2013 - La Bleue du Gros Sablons

Pepito

La dernière oeuvre du vieillard qui écrivait des romans d'amour avec un pinceau en poil de cochon.

Contexte : D’un mot à l’autre. Sur le blog du club, j’ai posté pour les adhérents, cette bonne nouvelle : « Un bon plan : allez jouer du côté de la Butte aux Dames, qui se trouve peu avant Apremont Bizons. C’est tout neuf, et il y a de quoi s’amuser pour tous et toutes, même pour les " grosses du club "… ». Insolence de goujat ? Pas vraiment, car il se trouve que mes amies ont toutes des tailles fines, cependant, allez comprendre, certaines se trouvent un peu rondes d’un peu de partout... d’où cette plaisanterie moqueuse, car il est d’usage dans notre club de se taquiner depuis bien longtemps.
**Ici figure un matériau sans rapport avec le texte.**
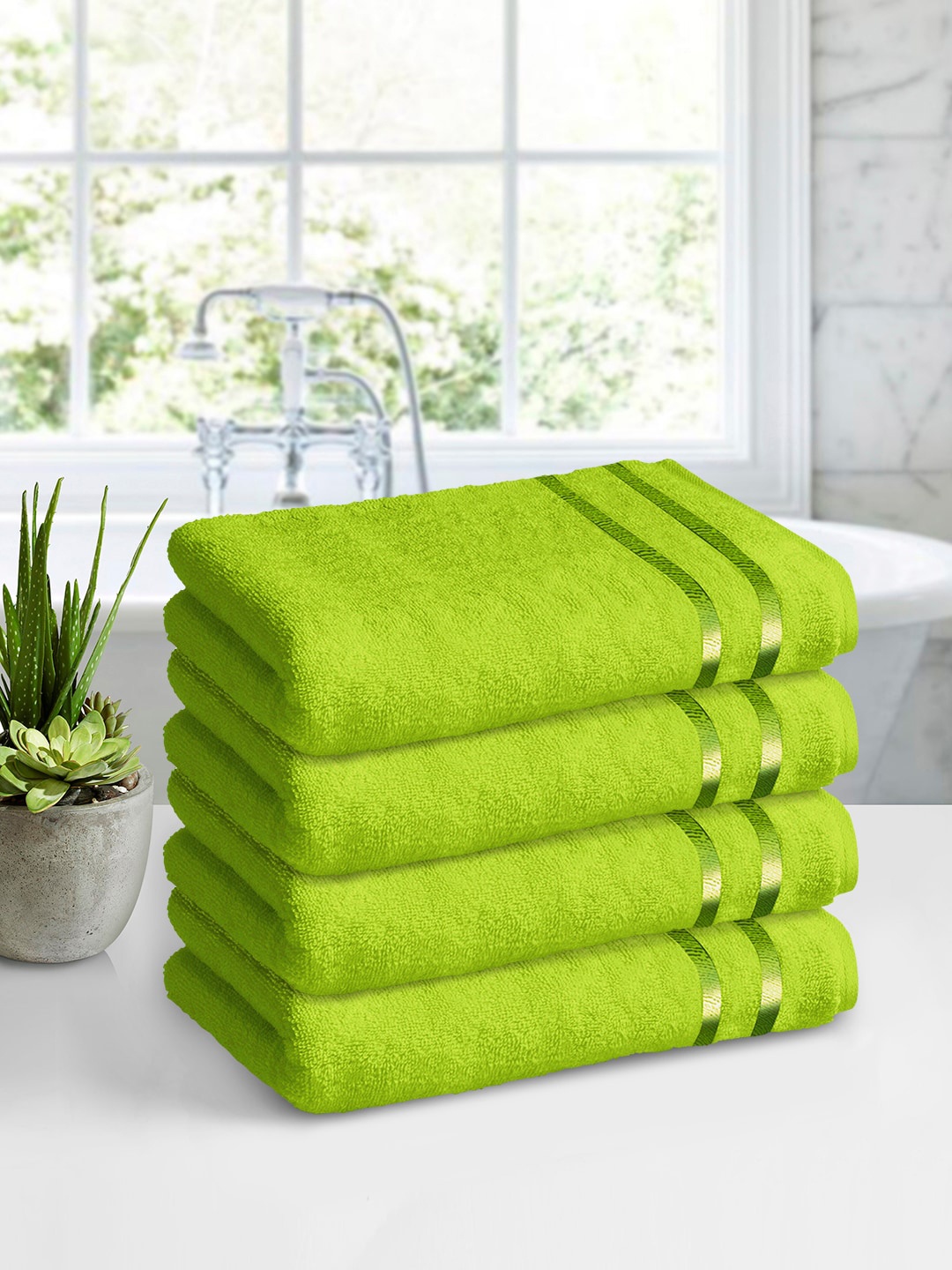 

Story@home Set of 4 Green 450GSM Pure Cotton Bath Towels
En retour, j’ai eu droit à une petite missive qui m’a fait chaud au cœur : « Je sens l'auteur de cette magnifique prose mûr pour devenir le vieillard qui écrivait des romans d'amour. Signé : Une grosse grimpeuse ». J’ai donc suivi son conseil sitôt émis, ce qui explique le ton de ce texte censé présenter la nouvelle piste bleue des Gros Sablons.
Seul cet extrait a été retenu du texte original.